Problem statement = Only the lines from the one with "15B Canberra Avenue, Casula NSW 2170" to the end of the listing below should be set down, exactly as written and without any pictures.

Recorded data =

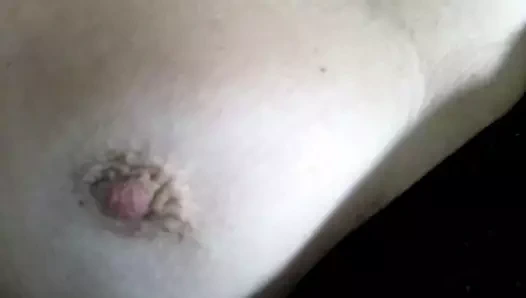 Göğüsler mandallarla işkence gördü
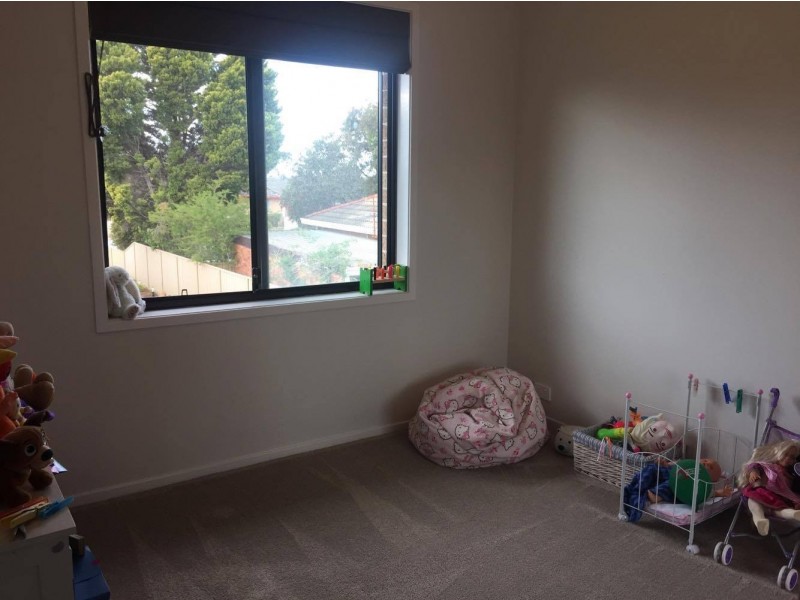 15B Canberra Avenue, Casula NSW 2170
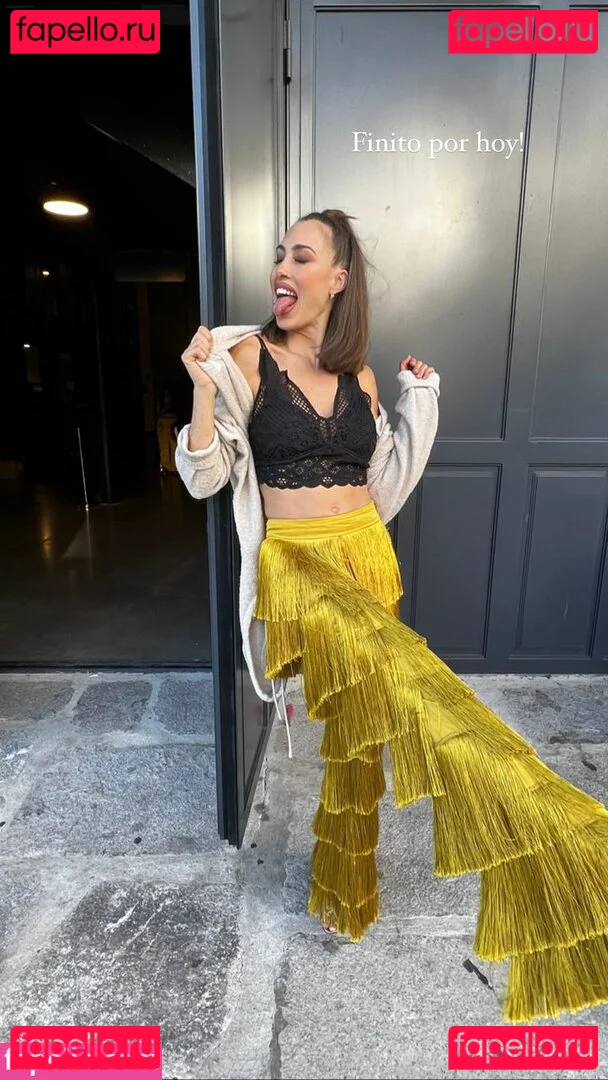 Cinderella Onlyfans Photo Gallery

Result below =
 15B Canberra Avenue, Casula NSW 2170
 Cinderella Onlyfans Photo Gallery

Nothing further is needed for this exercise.